Washington, – President Donald Trump acknowledged on Wednesday that, when the time came, he would accept information that countries such as Russia and China could offer about his Democratic rival in the 2020 elections.
In an interview with ABC, Trump said he would like to hear that hypothetical information that Russia or China can offer. “There’s nothing wrong with listening,” he said.
“If someone called from a country, Norway, ‘we have information about your rival’, oh, I think I would like to hear it,” the president confessed.
“That is not an interference, they have information, I think I would receive it, if I thought there was something wrong, then I would take it to the FBI,” Trump added.
The president also said that members of Congress use this type of practice all the time. “Everyone does it,” he said.
A situation very similar to that described by Trump took place in his 2016 presidential campaign and generated a great controversy.
His eldest son, Donald Trump Jr., met in June 2016 at the Trump Tower in New York with a Russian lawyer who allegedly offered him information from the Kremlin to harm his rival, Democrat Hillary Clinton.
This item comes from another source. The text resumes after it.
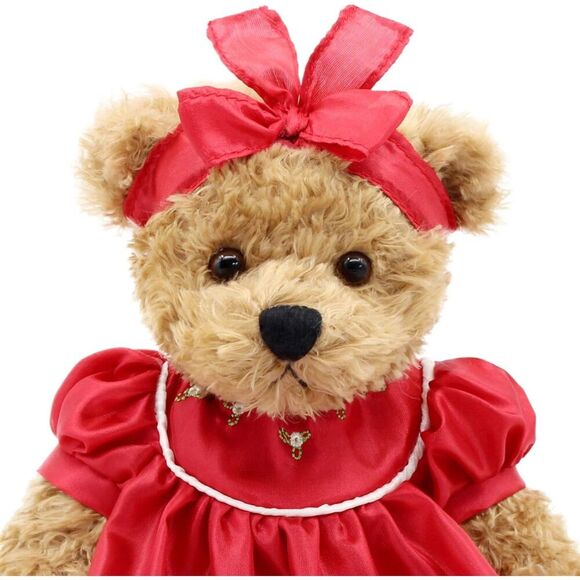 10" Oitscute Red Small Teddy Bear with Cloth Stuffed Animal Soft Plush Toy - Picture 5 of 6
Trump Jr. has acknowledged that he hoped to obtain compromising information about Clinton in that meeting, but that the Russian lawyer did not give him any information at all, despite what a publicist who had interfered in the meeting had promised.
Trump’s advisor and son-in-law, Jared Kuschner, and Trump’s campaign manager Paul Manafort, who served seven and a half years in jail for various economic crimes, also participated in the meeting.
Just this Wednesday, Trump Jr. returned to appear before the Senate Intelligence Committee behind closed doors to talk about that meeting.
Before entering the hearing, Trump Jr. told reporters that he had “nothing to rectify” about his first statement before that committee in 2017, when he said that the lawyer did not provide him with “relevant information.” (EFEUSA).